Modernity began in the West. Who can claim the credit?

10. the experimental class in modern Western social order

A class of people in the West, summed up as “middle” or “bourgeois”, has both driven the hegemony of our civilization over the globe, and simultaneously enjoyed levels of affluence, leisure, health, and education, unprecedented in history. American middle-class individuals are the most privileged on earth in these enjoyments, and as the West declines in power over Earth, their class privileges will shade into a relative diminution as the affluence of other zones of the planet rise.

This class has high expectations of remaining large and privileged, but the likelihood of that is not great. Will they resist the lessening of their fortunes with martial exertions of American power? Will the challenge of the BRICS nations and their client-states be met only in the sphere of economic and scientific-technological competition?

A pattern in human history

Peoples who’ve been dominant and are observing their slide into weaker status, have not, historically, accepted the slide peacefully. Rome fought many wars on its way into obsolescence and defeat by outside nations from the north and east. Islam fought its decline after 1600. The British, French, and US new world order, laid the once-mighty caliphate and Muslim empires low.

China built a wall and fought constant wars against neighbours on all its borders — until it succumbed to the US, Europe, Japan and the USSR in the nineteenth century; now it has clawed its way back to be leader of an alignment of places trying to break free of the “Western world order”, with other “BRICS” as powerful friends in the challenge to the West.

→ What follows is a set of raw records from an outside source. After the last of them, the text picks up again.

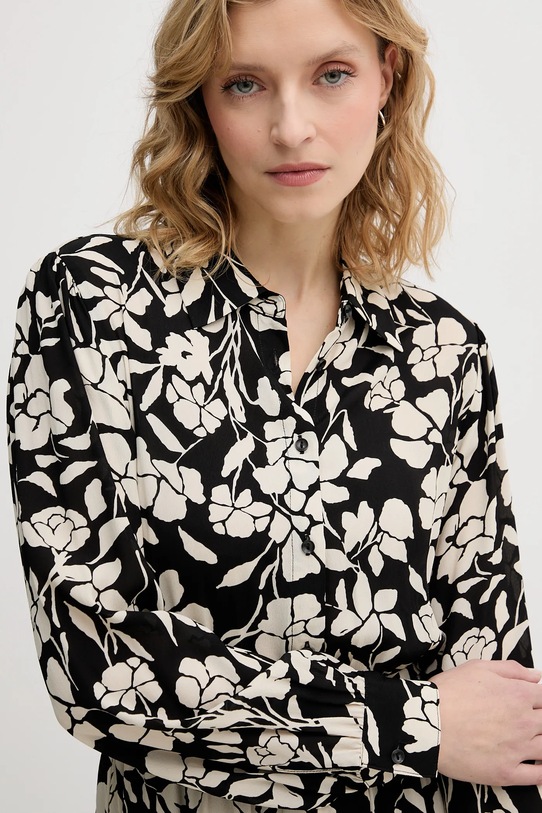 United Colors of Benetton sukienka beżowy 40IGDV0C1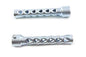 Steel 1-3/4 inch Pipe Baffle Set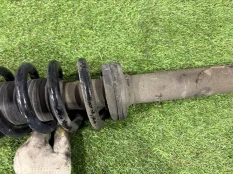 Амортизатор передний (Стойка) BMW X6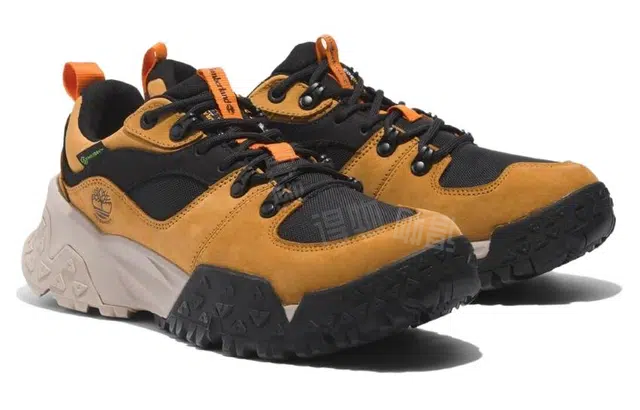 Timberland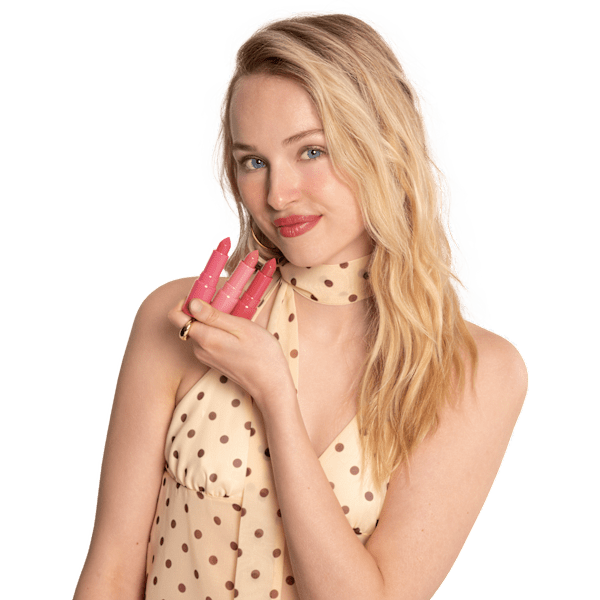 Lippenstift Melting Shine 070 trend !t up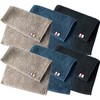 TAVARAT Perfect Hand Towel, Wet Towel Size, Towel Handkerchief, Imabari
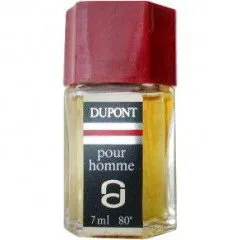 Richard Dupont Dupont pour Homme perfume bottle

War is not just imminent; at this moment, the attack by Russia on Ukraine and by Israel on several of its neighbours (“the seven-front war” as Netanyahu calls it), are exactly the kind of wars demonstrating an old hegemony in decline; its weakness is tested on battlefields. A major war between the US alliance and a Russo-Chinese-developing world alignment, is more probable than not.

A failure of my imagination

As a member of the great Western middle class giving my allegiance to our traditions of politics, human rights, science, culture, and morality, I cannot imagine our ways being supplanted by any other civilization whose values I consider higher than our own. And that is exactly the problem. A universal human culture does not exist. One ends up having to make some choices.

Who will do the hard things? Those who can.

My sub-title is a rabbinic aphorism. Who do we look to for solutions to things like climate change, capitalist collapse, war and old horrors like famine, poverty, and plague? Who can offer the solutions?

I have to say, that same experimental class that has brought us this far in the West. Yes. People not so different from myself: Western, postmodern, middle-class! Let the non-western peoples offer their alternatives.

Conclusions: 1 mage, 1 nation

I have written myself into a corner, admitting the failure of my imagination to foresee solutions to Western-originated problems coming from outside the West. A major reason I say this, is that the position of women here is far advanced beyond anything I see outside. If patriarchy lasts outside, we will prevail.

Now I have a project for future editions of the Arc: applying what I know of history to depict plausible unfolding of the future, with different lenses and perspectives beyond the limited ones that Western civilization has evolved. I know Charles Eisenstein has been attempting the very same thing, so I refer readers to his essays at substack as an introduction.

The possibilities of non-Western ways rising to the position the West has hitherto enjoyed need to be explored imaginatively. I hope I am capable.